→ Assignment:
An exact copy of all the data is required, with pictures left out.

→ Dataset section:
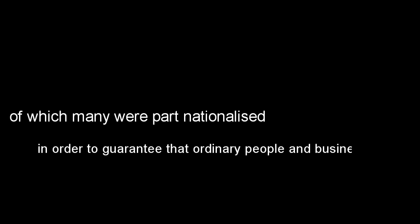We all know the story by now. The financial crisis started when unregulated, greedy bankers played Russian roulette on the stock exchange. After the banks collapsed in 2008, of which many were part nationalized in order to guarantee that ordinary people and businesses would not lose their money, bankers seemed to act as though their actions were without consequence while the country was in the midst of a deep recession. In order to stimulate the economy, the Bank of England issued the policy, quantitative easing. Through this policy, the Bank of England would pump £375 billion between 2009 and 2012 into the banks in order to kickstart the economy.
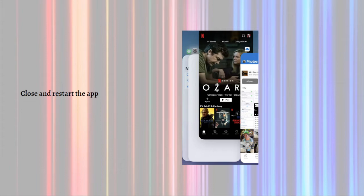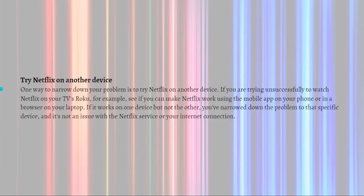How you do this varies depending on what kind of device you have, but for most streaming devices just select the app and then click and hold — or long press — on it until you see the additional options that include force closing the app.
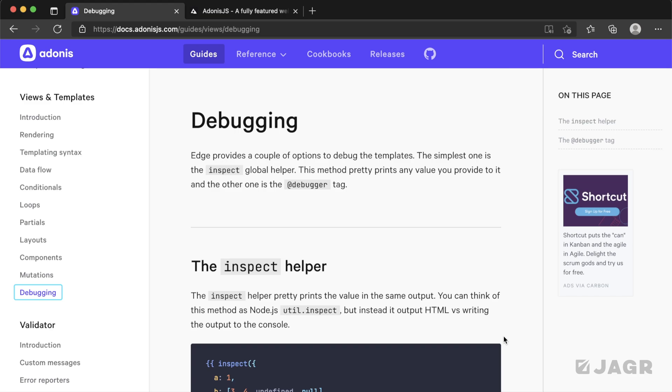Today we're going to be talking about debugging your Adonis application. First I wanted to point out that there's actually a whole page on this in the Adonis documentation that's going to cover most of what we're going to talk about here today, so definitely be sure to give this a run-through as well.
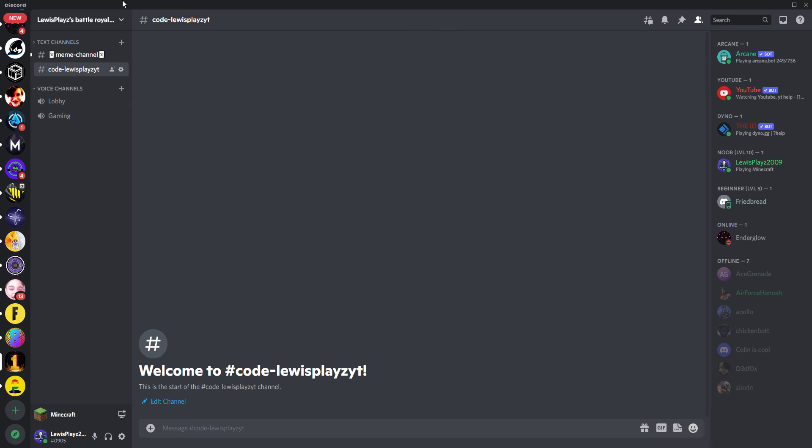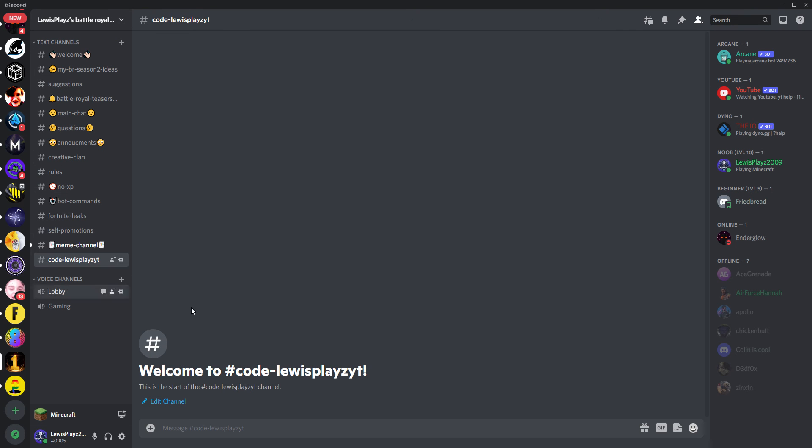Alright, I've now made another channel, code LEWISPLAYSYT. Put in pictures of what you submitted, and I'll see you guys on the giveaway. It will be at the end of the month.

→ Response area:
We all know the story by now. The financial crisis started when unregulated, greedy bankers played Russian roulette on the stock exchange. After the banks collapsed in 2008, of which many were part nationalized in order to guarantee that ordinary people and businesses would not lose their money, bankers seemed to act as though their actions were without consequence while the country was in the midst of a deep recession. In order to stimulate the economy, the Bank of England issued the policy, quantitative easing. Through this policy, the Bank of England would pump £375 billion between 2009 and 2012 into the banks in order to kickstart the economy.
How you do this varies depending on what kind of device you have, but for most streaming devices just select the app and then click and hold — or long press — on it until you see the additional options that include force closing the app.
Today we're going to be talking about debugging your Adonis application. First I wanted to point out that there's actually a whole page on this in the Adonis documentation that's going to cover most of what we're going to talk about here today, so definitely be sure to give this a run-through as well.
Alright, I've now made another channel, code LEWISPLAYSYT. Put in pictures of what you submitted, and I'll see you guys on the giveaway. It will be at the end of the month.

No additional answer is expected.